He likened the bill on sanctions to the notorious Jackson-Vanik amendment.

"The strength of the bill’s negative effects on bilateral relations can be likened to that of the notorious Jackson-Vanik amendment of 1974, which restricted trade with countries which the US holds responsible for human rights violations. The operation of the amendment in relation to Russia was officially canceled by Congress 38 years later, on November 21, 2012," Klintsevich is quoted by his press-service as saying.

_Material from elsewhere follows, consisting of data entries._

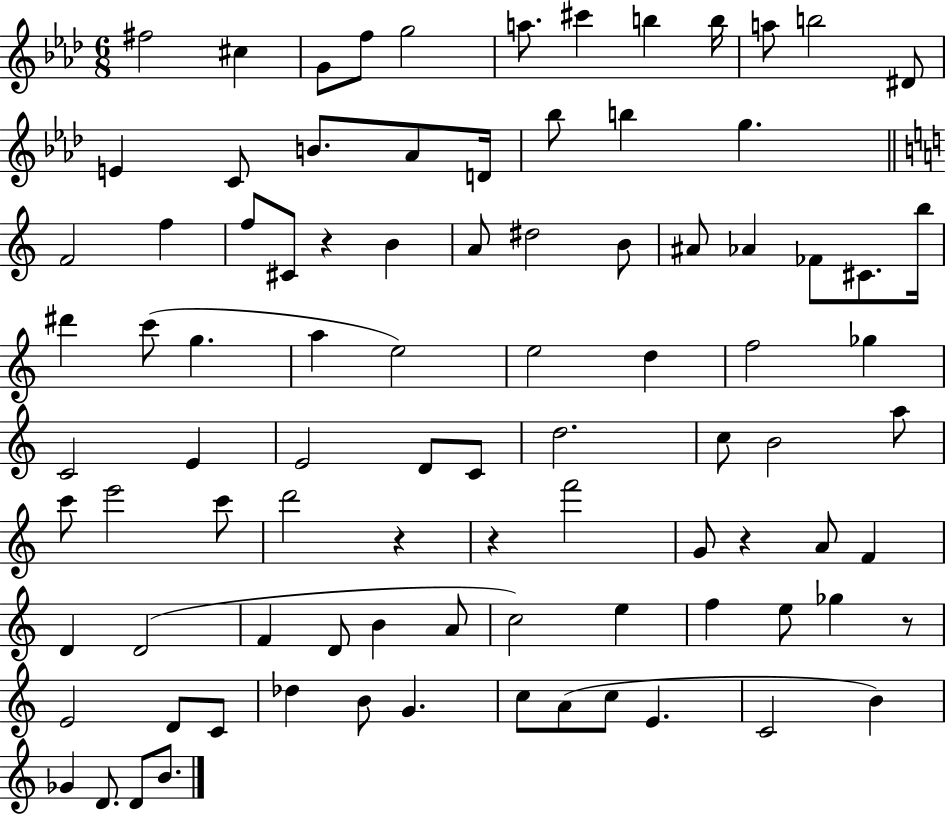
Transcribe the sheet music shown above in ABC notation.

X:1
T:Untitled
M:6/8
L:1/4
K:Ab
^f2 ^c G/2 f/2 g2 a/2 ^c' b b/4 a/2 b2 ^D/2 E C/2 B/2 _A/2 D/4 _b/2 b g F2 f f/2 ^C/2 z B A/2 ^d2 B/2 ^A/2 _A _F/2 ^C/2 b/4 ^d' c'/2 g a e2 e2 d f2 _g C2 E E2 D/2 C/2 d2 c/2 B2 a/2 c'/2 e'2 c'/2 d'2 z z f'2 G/2 z A/2 F D D2 F D/2 B A/2 c2 e f e/2 _g z/2 E2 D/2 C/2 _d B/2 G c/2 A/2 c/2 E C2 B _G D/2 D/2 B/2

Should the proposed legal act take effect, Russian-US relations will face more hindrances. "I believe it makes no sense to speculate what kind of response to the new sanctions Russia may choose. One thing is clear: if this piece of legislation comes into force - the US president must be aware of that - Russian-US cooperation over the most important international problems, including resistance to international terrorism, will be greatly hindered, if possible at all," Klintsevich said.

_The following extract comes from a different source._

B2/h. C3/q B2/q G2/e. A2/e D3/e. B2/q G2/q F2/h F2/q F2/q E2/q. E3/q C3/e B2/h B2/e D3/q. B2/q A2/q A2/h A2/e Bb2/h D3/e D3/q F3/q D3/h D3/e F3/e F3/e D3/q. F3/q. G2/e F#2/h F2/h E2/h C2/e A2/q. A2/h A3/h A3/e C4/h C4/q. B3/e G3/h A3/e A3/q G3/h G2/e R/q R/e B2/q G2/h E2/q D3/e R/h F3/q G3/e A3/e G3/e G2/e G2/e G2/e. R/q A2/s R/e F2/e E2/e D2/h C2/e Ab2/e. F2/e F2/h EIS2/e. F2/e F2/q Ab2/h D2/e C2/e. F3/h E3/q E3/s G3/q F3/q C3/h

The House of Representatives of the US Congress on Tuesday voted for a bill tightening unilateral US sanctions against Russia, Iran and North Korea. The bill is now to go before the Senate for approval. The upper house is likely to approve the bill, which enjoys wide support from both the oppositional Democratic party and ruling Republic party on Capitol Hill. After that the bill will be submitted to President Donald Trump for signature. The White House over the past few days made it clear Trump was prepared to sign the bill into law.